Your ATS houses a considerable amount of data on a variety of different candidates and clients. This data fuels your recruiting. Access levels can help you protect that information, and in an increasingly competitive market, data security is paramount. These user permissions restrict access to certain information from lower-level employees. They keep the need-to-know information on a need-to-know basis, so you can protect the foundation of your business and avoid the recruiting horror stories of disgruntled recruiters exporting entire candidate databases and absconding with client sheets.
The first step in utilizing access levels is defining the roles in your company on concrete terms. Presently, how many different roles are there in your company? Talk to your employees and have them take you through a day to day of their workflow. What features do they need to use? What do they never touch? What information do they require? Then, give them a title. Traditionally, built-out recruitment companies have sourcers, recruiters, sales representatives, and administrators, but every firm is different.
Once you’ve defined roles, you can move on to building the permission levels within your ATS. Of course, none of this is possible without access levels, so check to see if your ATS has acess levels to begin with. Ideally, you should be able to create access levels for certain roles within your organization and control what they can and can’t see and do.
Take note before you read ahead: administrators will have access to everything. Your admin should be the owner, president, CEO of your business, or at the very least, the person you trust most with your company’s data. Administrators oversee your ATS and need total access because they act as the last line of defense for taken actions. If anything needs to be deleted or any data needs to be exported, it should fall on the administrator to do so.
Candidate actions are generally reserved for sourcers and recruiters. They should be able to view, add, and edit all candidates. Sales doesn’t need access to candidates.
Job order permissions should generally go to the recruiter who owns them. A recruiter’s job starts with the creation of a job order and ends with the closure of that job order.
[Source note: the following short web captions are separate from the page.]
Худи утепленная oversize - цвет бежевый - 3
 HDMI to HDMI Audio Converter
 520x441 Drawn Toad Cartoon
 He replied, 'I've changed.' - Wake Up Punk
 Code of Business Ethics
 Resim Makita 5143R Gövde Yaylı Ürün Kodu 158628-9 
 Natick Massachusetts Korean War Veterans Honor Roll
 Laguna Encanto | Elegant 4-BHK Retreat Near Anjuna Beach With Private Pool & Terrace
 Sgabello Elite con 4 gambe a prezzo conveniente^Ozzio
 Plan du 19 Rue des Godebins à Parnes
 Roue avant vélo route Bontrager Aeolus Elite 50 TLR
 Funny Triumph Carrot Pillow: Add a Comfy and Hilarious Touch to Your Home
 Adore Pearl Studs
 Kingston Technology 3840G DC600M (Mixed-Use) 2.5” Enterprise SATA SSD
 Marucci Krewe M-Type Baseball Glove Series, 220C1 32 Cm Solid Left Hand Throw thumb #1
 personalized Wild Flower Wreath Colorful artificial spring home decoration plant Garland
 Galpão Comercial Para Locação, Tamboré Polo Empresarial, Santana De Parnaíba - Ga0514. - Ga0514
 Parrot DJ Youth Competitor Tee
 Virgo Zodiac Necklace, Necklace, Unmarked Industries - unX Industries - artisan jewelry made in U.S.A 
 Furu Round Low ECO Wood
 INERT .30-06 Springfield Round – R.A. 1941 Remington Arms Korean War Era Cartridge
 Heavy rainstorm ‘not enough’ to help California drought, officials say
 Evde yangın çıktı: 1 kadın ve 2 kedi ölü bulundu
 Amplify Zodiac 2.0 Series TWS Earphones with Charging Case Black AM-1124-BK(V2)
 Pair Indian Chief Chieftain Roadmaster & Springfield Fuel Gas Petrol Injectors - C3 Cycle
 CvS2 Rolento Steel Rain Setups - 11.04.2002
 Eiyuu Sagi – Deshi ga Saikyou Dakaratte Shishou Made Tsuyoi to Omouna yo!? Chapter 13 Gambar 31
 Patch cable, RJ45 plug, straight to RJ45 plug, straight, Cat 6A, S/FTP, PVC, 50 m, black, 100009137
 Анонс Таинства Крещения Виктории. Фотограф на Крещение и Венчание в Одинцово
They should have control of everything in between. Sales should be able to view, add, and edit job orders that they own. Give sourcers the ability to view and add candidates to pipelines.
Companies should be designated to sales. To protect company data you’ll leave sourcers out. If your ATS allows it, you’ll want to let your recruiters view and edit company data they are currently working with. This way, they can change information if something comes up during an open job order.
Most recruitment software automatically logs activities. Everyone should be able to view, add, and edit their own activities, but only an administrator should be allowed to delete activities.
Administrators should be the only ones able to view reports and export data.
Finding ways to increase the bottom line is something recruiters should always be concerned with, and the recruiting industry is only going to get more competitive in the future. As your company grows, you should be utilizing access levels. By spending the time to delineate roles and have people working with only the information they need, you can boost productivity, achieve better office flow, and increase data security. All it takes is the right ATS and a little effort.